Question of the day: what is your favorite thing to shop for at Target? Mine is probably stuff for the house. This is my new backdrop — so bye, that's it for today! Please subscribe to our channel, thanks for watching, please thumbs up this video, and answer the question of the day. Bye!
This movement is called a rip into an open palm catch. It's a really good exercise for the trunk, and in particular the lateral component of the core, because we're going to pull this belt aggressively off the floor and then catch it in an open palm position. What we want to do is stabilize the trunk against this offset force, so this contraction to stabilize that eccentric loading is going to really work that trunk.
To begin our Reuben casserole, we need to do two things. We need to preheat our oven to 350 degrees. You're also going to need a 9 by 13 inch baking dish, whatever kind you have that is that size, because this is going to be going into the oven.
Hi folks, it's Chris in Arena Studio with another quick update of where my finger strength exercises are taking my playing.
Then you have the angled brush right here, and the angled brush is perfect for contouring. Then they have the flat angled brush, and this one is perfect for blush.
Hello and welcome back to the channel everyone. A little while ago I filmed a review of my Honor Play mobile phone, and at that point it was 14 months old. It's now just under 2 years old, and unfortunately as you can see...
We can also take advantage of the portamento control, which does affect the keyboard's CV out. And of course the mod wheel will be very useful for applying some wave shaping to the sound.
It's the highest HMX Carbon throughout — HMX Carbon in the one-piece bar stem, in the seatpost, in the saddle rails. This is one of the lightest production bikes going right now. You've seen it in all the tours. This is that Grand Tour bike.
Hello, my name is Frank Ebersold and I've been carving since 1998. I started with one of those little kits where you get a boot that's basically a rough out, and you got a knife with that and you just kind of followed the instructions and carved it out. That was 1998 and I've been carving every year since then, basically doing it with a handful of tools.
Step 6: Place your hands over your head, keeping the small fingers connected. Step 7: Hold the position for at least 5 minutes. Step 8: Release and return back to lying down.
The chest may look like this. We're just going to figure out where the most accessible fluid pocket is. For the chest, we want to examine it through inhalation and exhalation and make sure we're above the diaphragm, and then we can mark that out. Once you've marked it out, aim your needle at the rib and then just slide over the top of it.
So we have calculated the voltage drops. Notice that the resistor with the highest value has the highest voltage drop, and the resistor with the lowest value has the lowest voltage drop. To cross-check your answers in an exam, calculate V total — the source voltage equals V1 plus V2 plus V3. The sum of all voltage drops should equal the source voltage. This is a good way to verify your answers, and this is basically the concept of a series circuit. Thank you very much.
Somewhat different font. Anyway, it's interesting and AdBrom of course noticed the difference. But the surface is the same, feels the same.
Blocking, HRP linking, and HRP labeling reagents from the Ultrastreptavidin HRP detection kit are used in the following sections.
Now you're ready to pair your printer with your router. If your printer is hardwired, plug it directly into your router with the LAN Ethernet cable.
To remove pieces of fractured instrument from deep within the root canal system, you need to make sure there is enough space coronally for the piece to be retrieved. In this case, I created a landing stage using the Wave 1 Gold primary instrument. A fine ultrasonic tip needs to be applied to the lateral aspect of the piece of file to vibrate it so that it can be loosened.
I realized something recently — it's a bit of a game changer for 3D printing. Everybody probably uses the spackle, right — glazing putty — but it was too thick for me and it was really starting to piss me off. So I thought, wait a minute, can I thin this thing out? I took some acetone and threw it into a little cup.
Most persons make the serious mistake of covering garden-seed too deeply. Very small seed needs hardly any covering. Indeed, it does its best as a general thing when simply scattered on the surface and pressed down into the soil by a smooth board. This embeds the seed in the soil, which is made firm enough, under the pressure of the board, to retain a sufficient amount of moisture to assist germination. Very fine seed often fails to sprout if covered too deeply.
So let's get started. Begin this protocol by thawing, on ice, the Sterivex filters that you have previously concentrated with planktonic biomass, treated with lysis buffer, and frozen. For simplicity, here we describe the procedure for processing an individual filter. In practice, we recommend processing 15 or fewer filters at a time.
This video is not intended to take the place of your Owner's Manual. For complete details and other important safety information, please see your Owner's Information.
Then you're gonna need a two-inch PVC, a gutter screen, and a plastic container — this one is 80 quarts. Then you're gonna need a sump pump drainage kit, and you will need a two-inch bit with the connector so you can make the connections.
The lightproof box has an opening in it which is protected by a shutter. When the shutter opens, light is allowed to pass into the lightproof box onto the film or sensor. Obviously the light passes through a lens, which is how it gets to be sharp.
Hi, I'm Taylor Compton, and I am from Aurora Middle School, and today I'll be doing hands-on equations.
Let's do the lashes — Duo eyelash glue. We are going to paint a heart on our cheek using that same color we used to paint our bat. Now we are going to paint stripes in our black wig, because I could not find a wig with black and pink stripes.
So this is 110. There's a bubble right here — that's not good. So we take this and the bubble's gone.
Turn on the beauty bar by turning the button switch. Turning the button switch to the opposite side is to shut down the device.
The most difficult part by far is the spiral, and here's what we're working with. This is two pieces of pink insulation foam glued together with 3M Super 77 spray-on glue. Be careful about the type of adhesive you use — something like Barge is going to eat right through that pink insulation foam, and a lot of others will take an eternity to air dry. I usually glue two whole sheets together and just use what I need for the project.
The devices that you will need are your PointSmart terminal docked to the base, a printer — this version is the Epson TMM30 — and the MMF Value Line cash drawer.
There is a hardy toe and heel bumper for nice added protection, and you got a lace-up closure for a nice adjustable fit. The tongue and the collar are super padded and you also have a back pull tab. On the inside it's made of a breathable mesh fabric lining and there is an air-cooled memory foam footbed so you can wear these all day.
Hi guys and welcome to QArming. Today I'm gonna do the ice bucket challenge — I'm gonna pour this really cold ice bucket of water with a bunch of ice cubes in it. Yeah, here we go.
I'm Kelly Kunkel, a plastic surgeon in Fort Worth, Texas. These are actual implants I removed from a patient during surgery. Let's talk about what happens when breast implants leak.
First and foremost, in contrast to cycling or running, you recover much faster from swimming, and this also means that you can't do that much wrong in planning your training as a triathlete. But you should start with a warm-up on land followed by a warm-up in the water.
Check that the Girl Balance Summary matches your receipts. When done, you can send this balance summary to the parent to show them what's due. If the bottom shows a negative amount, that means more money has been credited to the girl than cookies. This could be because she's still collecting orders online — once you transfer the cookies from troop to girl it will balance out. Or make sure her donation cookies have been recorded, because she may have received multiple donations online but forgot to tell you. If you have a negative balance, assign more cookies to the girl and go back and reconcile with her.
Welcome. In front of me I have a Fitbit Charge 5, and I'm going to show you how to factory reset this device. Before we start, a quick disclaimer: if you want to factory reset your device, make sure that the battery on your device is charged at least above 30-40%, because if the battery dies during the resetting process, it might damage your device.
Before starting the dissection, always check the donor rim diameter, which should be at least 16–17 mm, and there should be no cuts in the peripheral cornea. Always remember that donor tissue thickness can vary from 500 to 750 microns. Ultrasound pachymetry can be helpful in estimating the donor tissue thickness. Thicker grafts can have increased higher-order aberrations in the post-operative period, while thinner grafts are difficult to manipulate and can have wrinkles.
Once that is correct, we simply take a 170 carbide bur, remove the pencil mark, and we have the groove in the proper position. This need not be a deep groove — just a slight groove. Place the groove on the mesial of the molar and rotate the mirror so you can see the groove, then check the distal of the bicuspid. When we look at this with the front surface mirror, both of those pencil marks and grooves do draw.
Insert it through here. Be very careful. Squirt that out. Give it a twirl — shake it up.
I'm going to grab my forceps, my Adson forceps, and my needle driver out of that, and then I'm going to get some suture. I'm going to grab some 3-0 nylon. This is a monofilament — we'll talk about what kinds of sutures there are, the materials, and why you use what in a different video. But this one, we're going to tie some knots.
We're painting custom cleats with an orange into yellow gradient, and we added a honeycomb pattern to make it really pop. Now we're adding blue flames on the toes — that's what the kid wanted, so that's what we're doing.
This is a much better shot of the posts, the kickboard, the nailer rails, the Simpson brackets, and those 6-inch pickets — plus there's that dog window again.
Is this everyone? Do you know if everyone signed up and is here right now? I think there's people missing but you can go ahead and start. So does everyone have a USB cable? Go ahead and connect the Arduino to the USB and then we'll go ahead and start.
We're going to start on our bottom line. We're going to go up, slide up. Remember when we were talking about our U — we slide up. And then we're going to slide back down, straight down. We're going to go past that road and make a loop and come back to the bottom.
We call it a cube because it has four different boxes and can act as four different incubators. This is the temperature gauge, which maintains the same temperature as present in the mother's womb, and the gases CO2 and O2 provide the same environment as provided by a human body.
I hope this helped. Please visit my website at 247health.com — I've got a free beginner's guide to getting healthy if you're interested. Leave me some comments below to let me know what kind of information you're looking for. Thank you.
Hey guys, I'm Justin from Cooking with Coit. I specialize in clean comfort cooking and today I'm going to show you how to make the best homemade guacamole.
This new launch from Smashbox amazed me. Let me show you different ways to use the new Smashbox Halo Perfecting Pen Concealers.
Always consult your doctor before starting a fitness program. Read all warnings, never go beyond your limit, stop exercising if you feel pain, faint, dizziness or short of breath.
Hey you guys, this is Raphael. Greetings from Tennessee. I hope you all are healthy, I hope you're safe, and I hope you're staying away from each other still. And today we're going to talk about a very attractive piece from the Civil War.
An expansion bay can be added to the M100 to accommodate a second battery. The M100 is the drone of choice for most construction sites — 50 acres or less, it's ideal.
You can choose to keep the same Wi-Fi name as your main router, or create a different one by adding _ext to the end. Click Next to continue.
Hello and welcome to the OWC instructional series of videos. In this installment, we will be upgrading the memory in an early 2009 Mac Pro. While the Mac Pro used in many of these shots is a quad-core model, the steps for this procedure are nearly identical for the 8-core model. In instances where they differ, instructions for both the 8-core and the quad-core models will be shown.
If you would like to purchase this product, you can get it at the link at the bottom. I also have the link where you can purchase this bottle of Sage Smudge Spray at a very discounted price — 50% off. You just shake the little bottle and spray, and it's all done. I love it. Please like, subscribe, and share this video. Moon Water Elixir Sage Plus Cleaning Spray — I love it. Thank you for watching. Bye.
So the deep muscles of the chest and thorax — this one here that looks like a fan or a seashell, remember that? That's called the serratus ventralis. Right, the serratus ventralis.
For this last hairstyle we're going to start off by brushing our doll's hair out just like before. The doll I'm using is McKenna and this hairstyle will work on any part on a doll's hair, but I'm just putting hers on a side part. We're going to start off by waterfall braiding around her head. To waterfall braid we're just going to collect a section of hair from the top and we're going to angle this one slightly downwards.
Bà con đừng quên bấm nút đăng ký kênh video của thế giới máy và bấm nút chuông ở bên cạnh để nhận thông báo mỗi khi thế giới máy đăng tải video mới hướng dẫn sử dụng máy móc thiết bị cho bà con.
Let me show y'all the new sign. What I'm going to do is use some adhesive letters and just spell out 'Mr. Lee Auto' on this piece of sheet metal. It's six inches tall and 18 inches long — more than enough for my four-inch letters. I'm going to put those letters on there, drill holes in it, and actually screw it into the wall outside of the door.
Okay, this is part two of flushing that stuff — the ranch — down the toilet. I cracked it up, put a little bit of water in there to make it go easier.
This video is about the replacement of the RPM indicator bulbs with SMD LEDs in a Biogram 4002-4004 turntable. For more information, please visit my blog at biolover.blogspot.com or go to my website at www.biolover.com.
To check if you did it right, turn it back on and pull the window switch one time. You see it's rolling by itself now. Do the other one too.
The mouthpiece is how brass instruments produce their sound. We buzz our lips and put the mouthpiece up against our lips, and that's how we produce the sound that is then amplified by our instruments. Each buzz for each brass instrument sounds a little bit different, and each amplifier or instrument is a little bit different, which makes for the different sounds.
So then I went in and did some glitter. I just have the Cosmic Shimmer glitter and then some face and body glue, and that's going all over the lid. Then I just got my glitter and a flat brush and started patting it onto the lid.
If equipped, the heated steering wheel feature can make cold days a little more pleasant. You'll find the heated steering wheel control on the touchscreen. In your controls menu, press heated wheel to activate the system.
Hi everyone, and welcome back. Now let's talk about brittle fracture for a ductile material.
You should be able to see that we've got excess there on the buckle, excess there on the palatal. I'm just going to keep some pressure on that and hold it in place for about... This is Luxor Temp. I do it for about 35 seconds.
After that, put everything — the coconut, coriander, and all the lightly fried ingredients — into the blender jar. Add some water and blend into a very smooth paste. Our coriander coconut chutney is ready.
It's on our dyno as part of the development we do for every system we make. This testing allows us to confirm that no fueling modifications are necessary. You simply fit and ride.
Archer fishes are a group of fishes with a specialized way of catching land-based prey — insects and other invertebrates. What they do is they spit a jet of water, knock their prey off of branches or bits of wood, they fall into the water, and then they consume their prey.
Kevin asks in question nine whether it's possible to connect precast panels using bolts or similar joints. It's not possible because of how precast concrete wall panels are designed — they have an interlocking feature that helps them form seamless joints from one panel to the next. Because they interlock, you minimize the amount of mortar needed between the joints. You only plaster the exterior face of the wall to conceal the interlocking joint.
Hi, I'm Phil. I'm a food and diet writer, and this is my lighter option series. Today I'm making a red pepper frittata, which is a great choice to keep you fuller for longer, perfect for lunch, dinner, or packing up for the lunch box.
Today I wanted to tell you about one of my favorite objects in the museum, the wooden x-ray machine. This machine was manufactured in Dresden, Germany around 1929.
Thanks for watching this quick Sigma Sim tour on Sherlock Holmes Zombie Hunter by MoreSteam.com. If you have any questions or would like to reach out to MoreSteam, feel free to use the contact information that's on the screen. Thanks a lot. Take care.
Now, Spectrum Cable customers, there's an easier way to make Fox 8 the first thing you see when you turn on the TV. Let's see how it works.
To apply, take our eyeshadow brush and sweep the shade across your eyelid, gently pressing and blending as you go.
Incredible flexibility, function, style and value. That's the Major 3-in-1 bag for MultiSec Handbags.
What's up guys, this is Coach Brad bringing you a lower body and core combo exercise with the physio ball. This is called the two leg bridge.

-.-.-

Search the data for the string "switch" and copy out every line where it is found.

Response area:
Turn on the beauty bar by turning the button switch. Turning the button switch to the opposite side is to shut down the device.
To check if you did it right, turn it back on and pull the window switch one time. You see it's rolling by itself now. Do the other one too.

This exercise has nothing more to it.